Stored items from a collection
========================

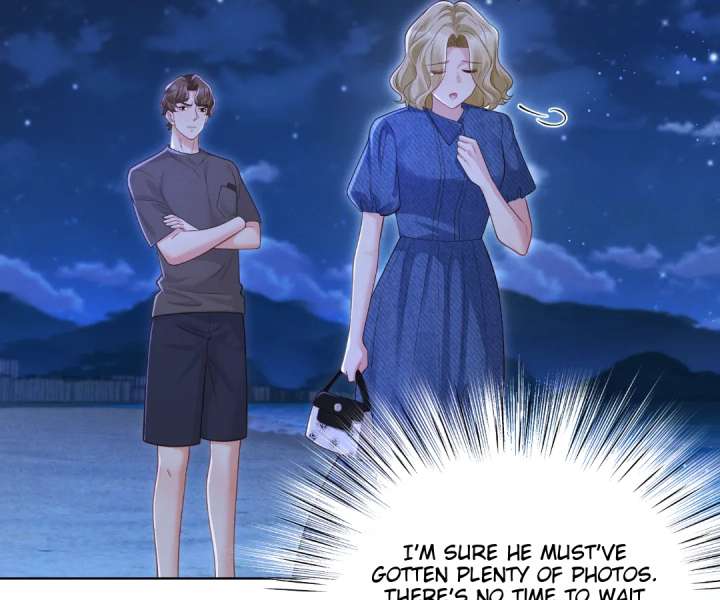 It’s Just a Superficial Intention chapter 45 page 72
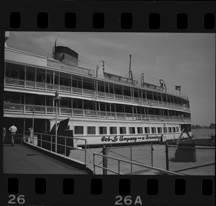 Bob-Lo ferry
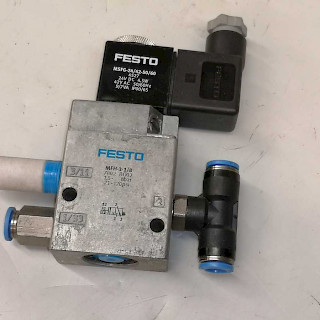 MSFG-24/42-50/60-Magneettikela 24/Magneettiventtilli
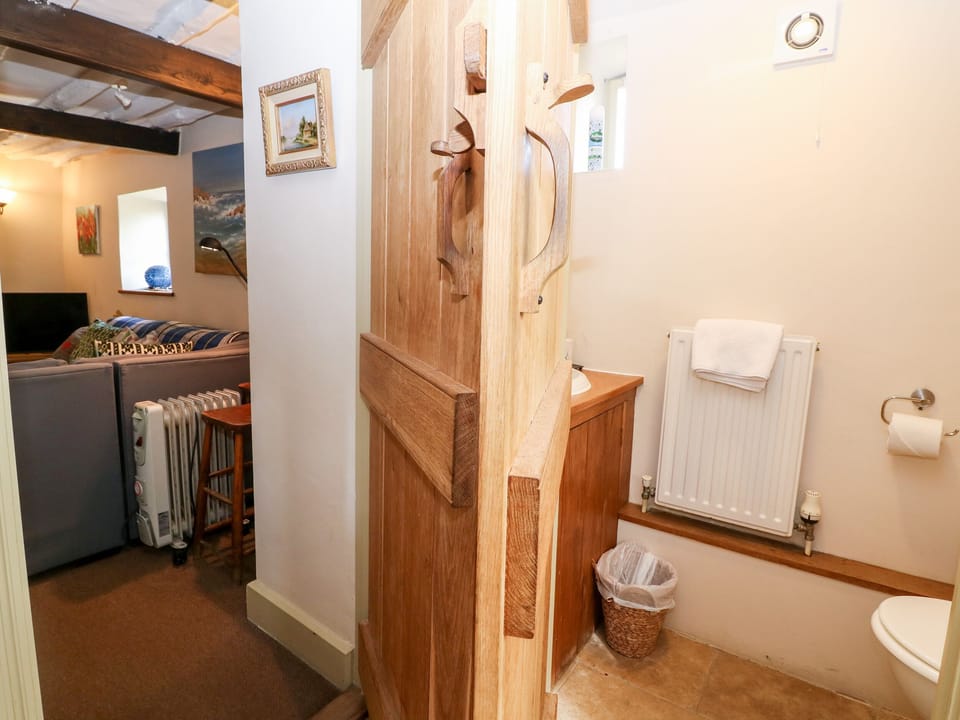 Cottage | Interior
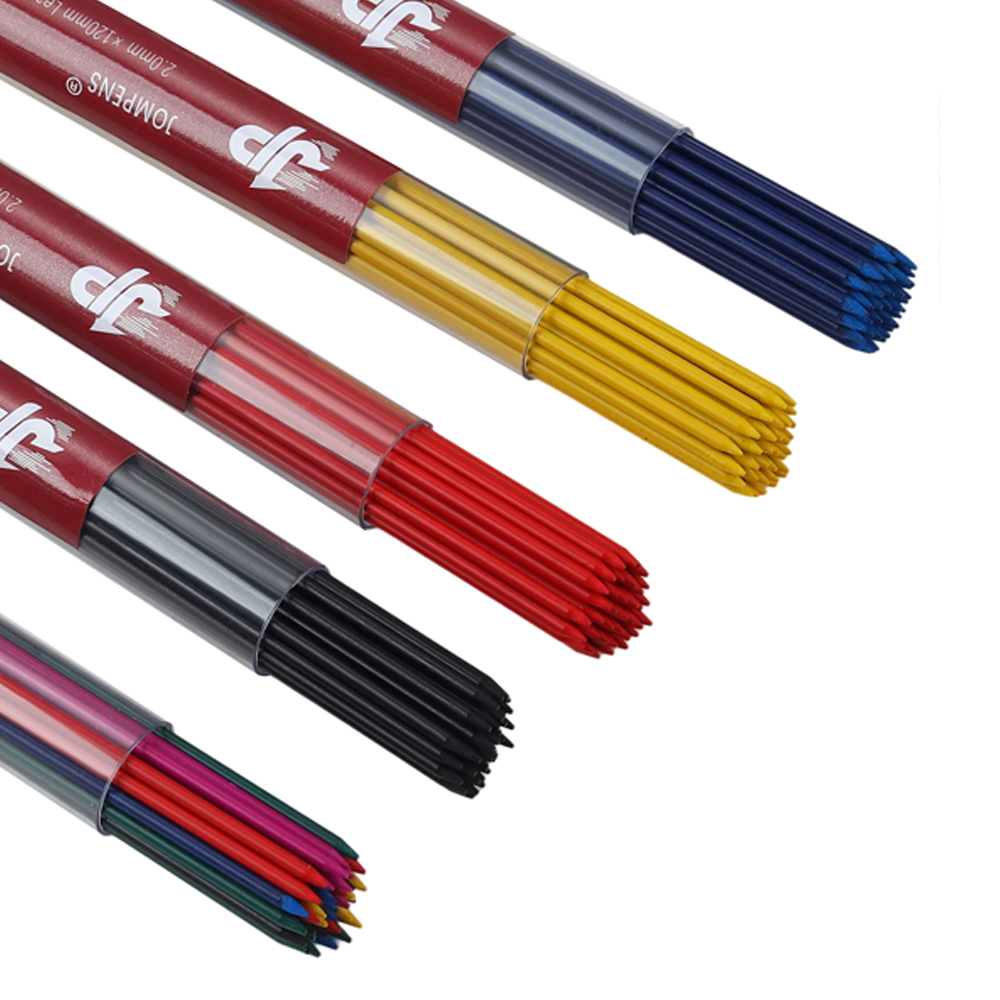 36Pcs/Box New Creative Length  - Mechanical Pencil Lead reseña y precio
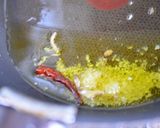 動画あり☆簡単！牡蠣ときのこのスパゲティ作り方3写真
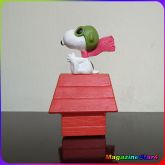 Boneco Snoopy - Mc Donalds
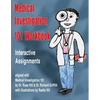 Medical Investigation 101 Workbook: Interactive Assignments Aligned with Medical Investigation 101 - Paperback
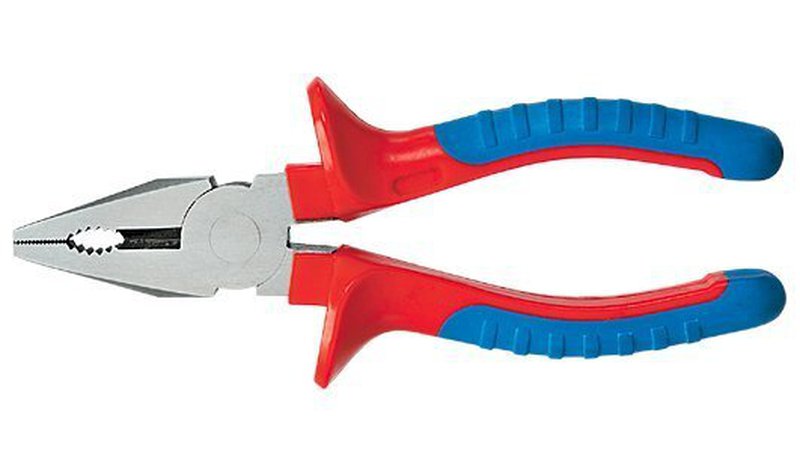 Top Tools Yleispihdit 200 mm
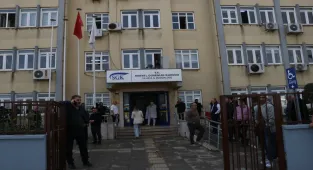 GÜNCELLEME - Yalova'da silahlı saldırıya uğrayan avukat öldü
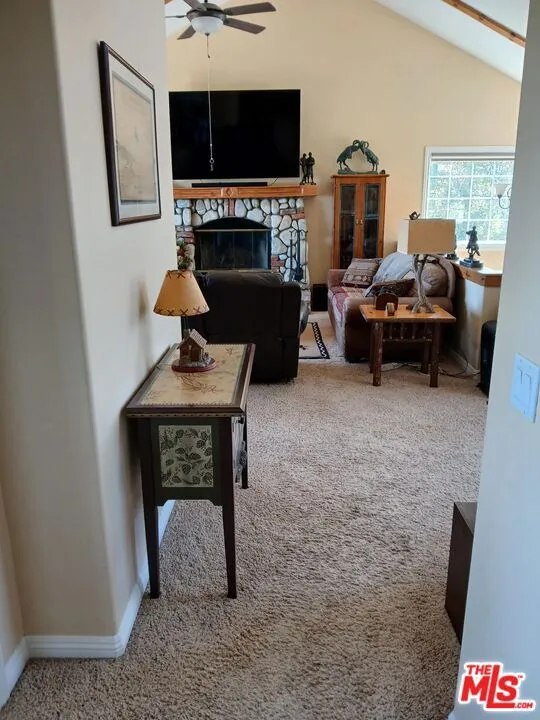 1251 Kodiak Drive Lake Arrowhead, CA 92352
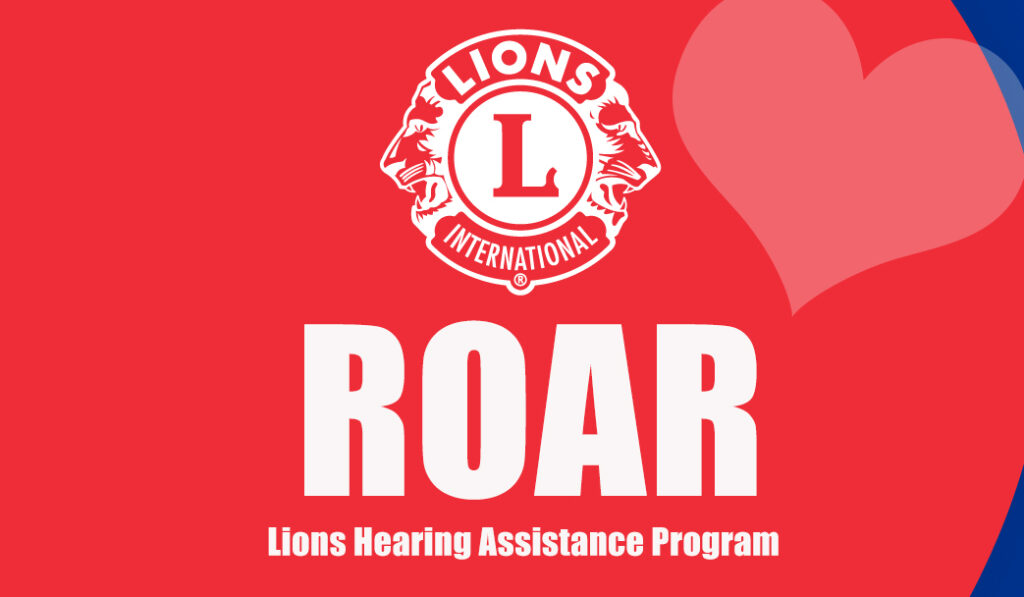 Coos Bay Lions Club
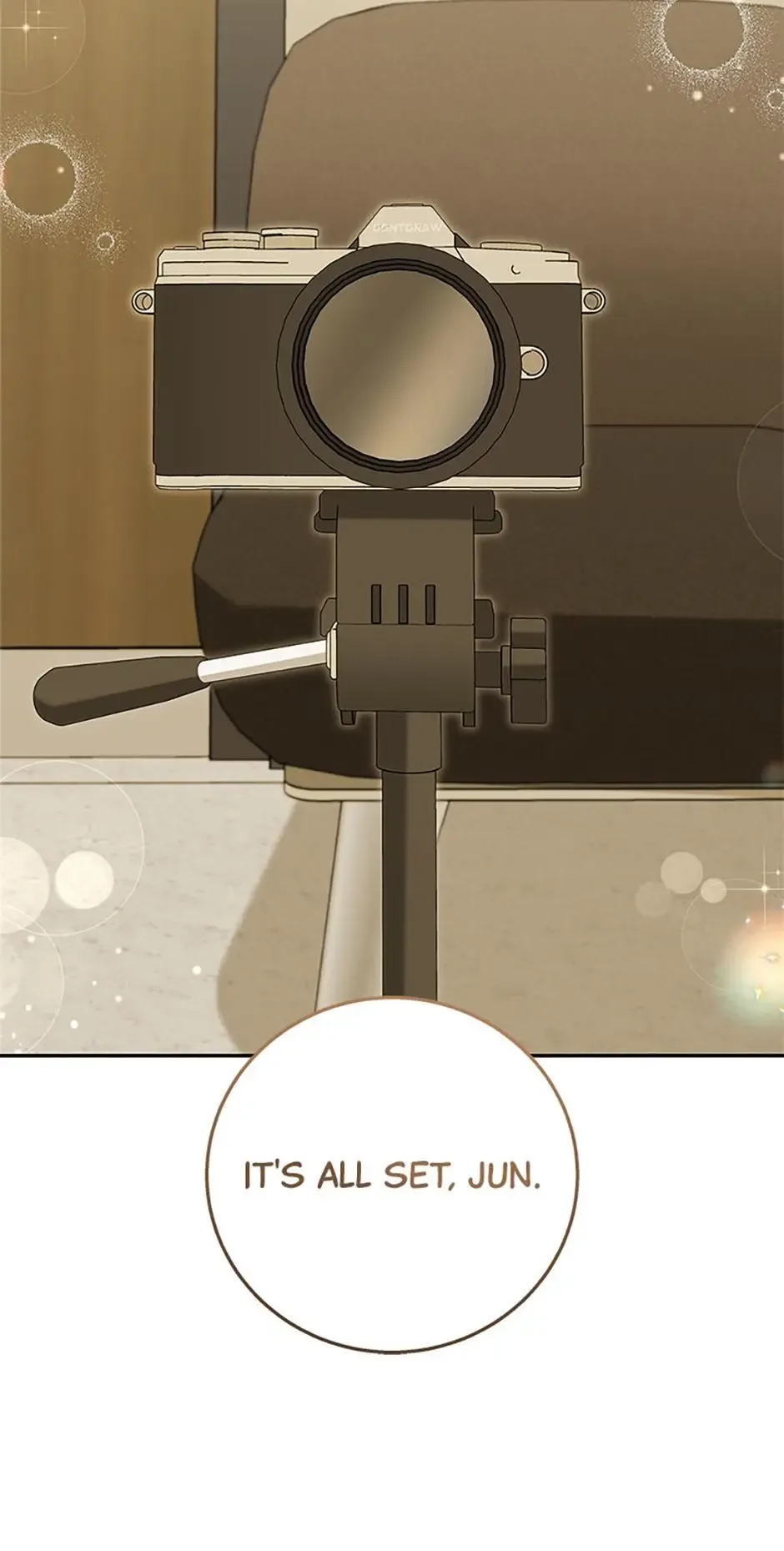 Hello! Veterinarian! Chapter 82 page 29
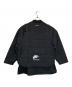 NIKE (ナイキ) PEACEMINUSONE (ピースマイナスワン) NRG CF 2+1 Jacket ブラック サイズ:SIZE XL：20000円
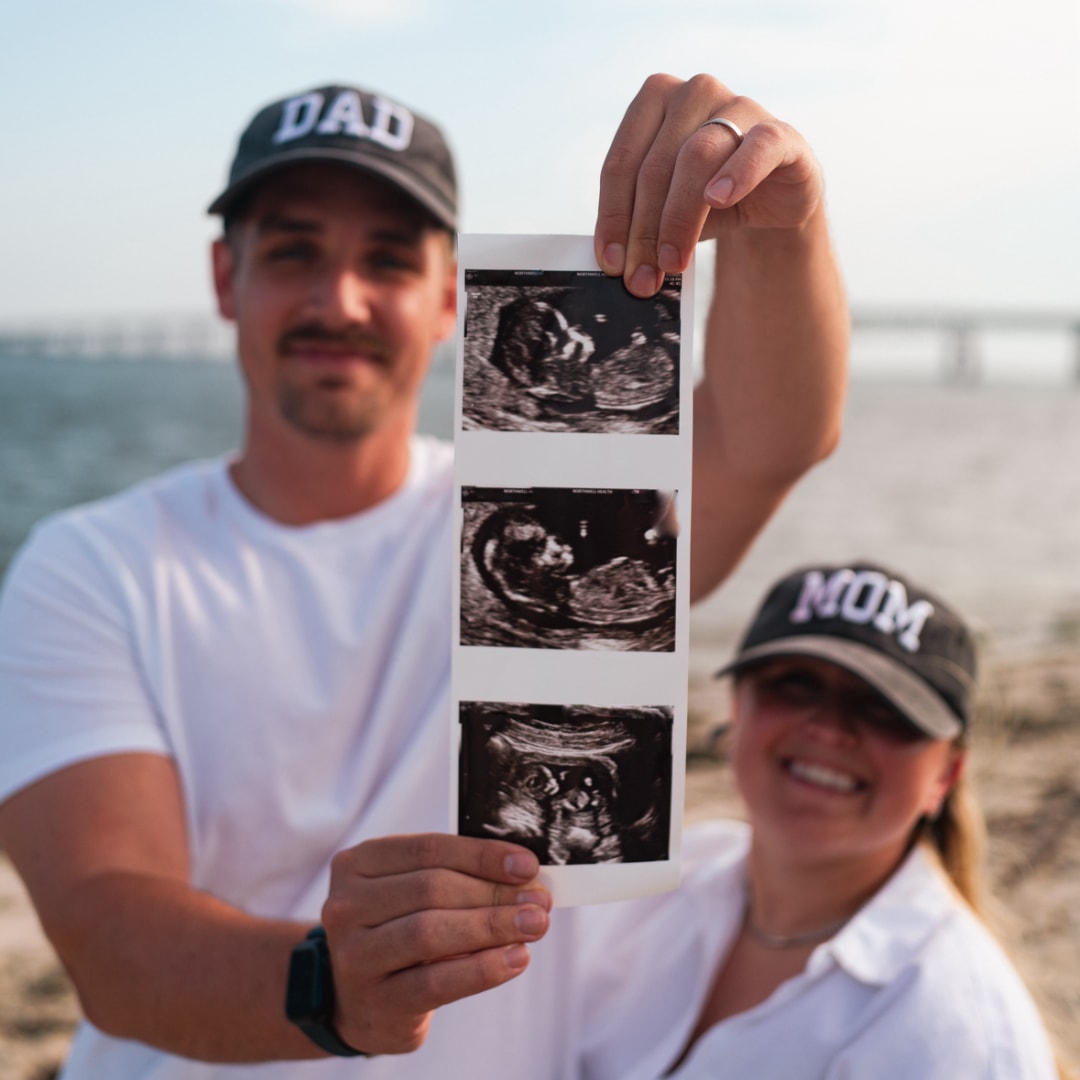 Photo shared by Ashley for their Babylist baby registry.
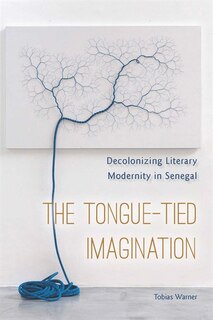 Couverture_The Tongue-tied Imagination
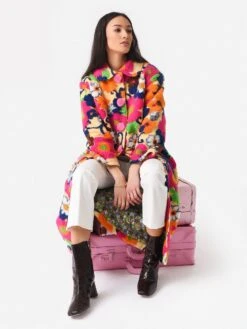 Celia B Women's Aconcagua Coat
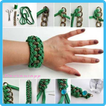 Cool DIY Bracelet Ideas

========================

▶ [PROBLEM STATEMENT]: Starting from the first line of the entries above, print each line exactly until the line containing "Couverture_The Tongue-tied Imagination" has been printed, and skip the pictures.

▶ [WRITTEN RESPONSE]:
 It’s Just a Superficial Intention chapter 45 page 72
 Bob-Lo ferry
 MSFG-24/42-50/60-Magneettikela 24/Magneettiventtilli
 Cottage | Interior
 36Pcs/Box New Creative Length  - Mechanical Pencil Lead reseña y precio
 動画あり☆簡単！牡蠣ときのこのスパゲティ作り方3写真
 Boneco Snoopy - Mc Donalds
 Medical Investigation 101 Workbook: Interactive Assignments Aligned with Medical Investigation 101 - Paperback
 Top Tools Yleispihdit 200 mm
 GÜNCELLEME - Yalova'da silahlı saldırıya uğrayan avukat öldü
 1251 Kodiak Drive Lake Arrowhead, CA 92352
 Coos Bay Lions Club
 Hello! Veterinarian! Chapter 82 page 29
 NIKE (ナイキ) PEACEMINUSONE (ピースマイナスワン) NRG CF 2+1 Jacket ブラック サイズ:SIZE XL：20000円
 Photo shared by Ashley for their Babylist baby registry.
 Couverture_The Tongue-tied Imagination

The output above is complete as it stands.